Besides, economic and social discrimination in the country is increasing day by day, and there is no indication or evidence of its decrease.
"If this fragility is not addressed, the benefit of growth cannot be enjoyed. Breakthrough is needed in fiscal and monetary policies to get rid of the present status-quo situation." Referring to the country's lowest tax-GDP ratio among the South Asian nations, Mr Raihan suggested that it is a political decision to increase the ratio.
Still Bangladesh could not develop any other export sector except the readymade garments (RMG), which could have employed more female labourers, he added.
The present growth is taking place due to more investment by the government in infrastructures.
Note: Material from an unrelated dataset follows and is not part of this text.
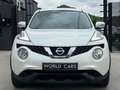 Nissan Juke 1.5 dCi 2WD AIRCO/ GARANTIE 12 MOIS Blanc - thumbnail 3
But a stalemate has been prevailing in private sector, which is 85-90 per cent of the total investment of the country.
Mr Raihan suggested three way-outs for overcoming the deadlock in private sector investment - infrastructural development, recovering from institutional weaknesses or lengthy process, and dispelling lack of confidence of private sector investors regarding political unrest.
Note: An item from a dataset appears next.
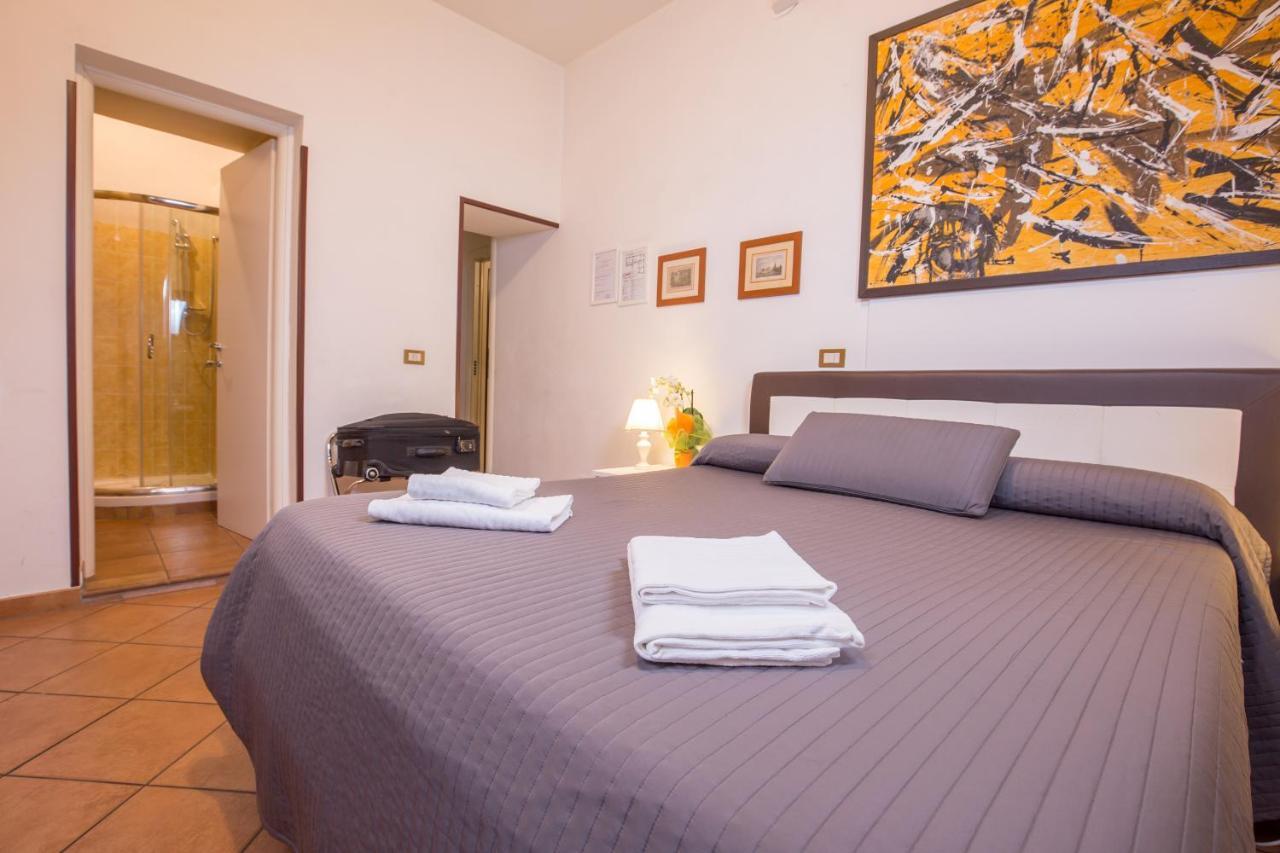 Minihotel Azzurra Рим Екстериор снимка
He said Bangladesh will face major challenges in the next 15 years, as it will have to mobilize own resources to meet the SDGs by increasing tax-GDP ratio. Besides, there will be challenges in the trade regime during the neo-protectionism and post-Brexit era, as Bangladesh may lose many markets.
SANEM research director Sayema Haque Bidisha said Bangladesh has long been trapped into 6.0 per cent GDP growth. But it has to address other relevant issues to increase its GDP growth and attain higher economic targets.